### EXERCISE PROMPT
Using the listing below, set down exactly the lines from the one that contains "Used Kongsberg Simrad Hipap 500" through the one that contains "three disinfection men", with no pictures.

### SOURCE DATA
★ ★ ★ ★ ★

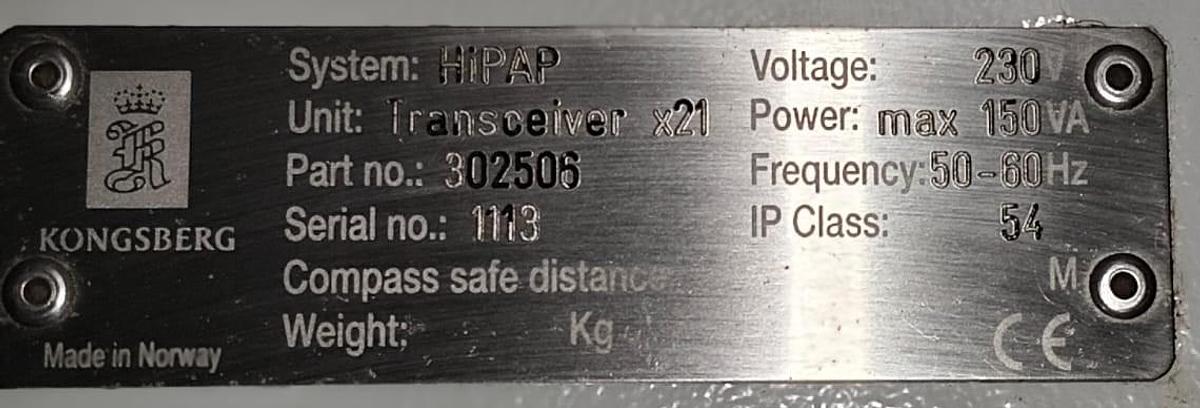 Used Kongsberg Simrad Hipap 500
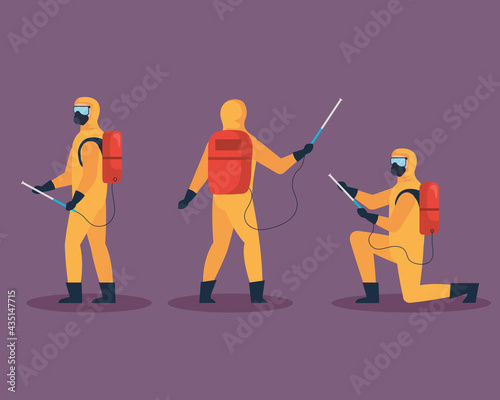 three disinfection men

★ ★ ★ ★ ★

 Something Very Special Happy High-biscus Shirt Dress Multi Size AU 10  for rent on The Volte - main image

★ ★ ★ ★ ★

### RESULT OF THE TASK
 Used Kongsberg Simrad Hipap 500
 three disinfection men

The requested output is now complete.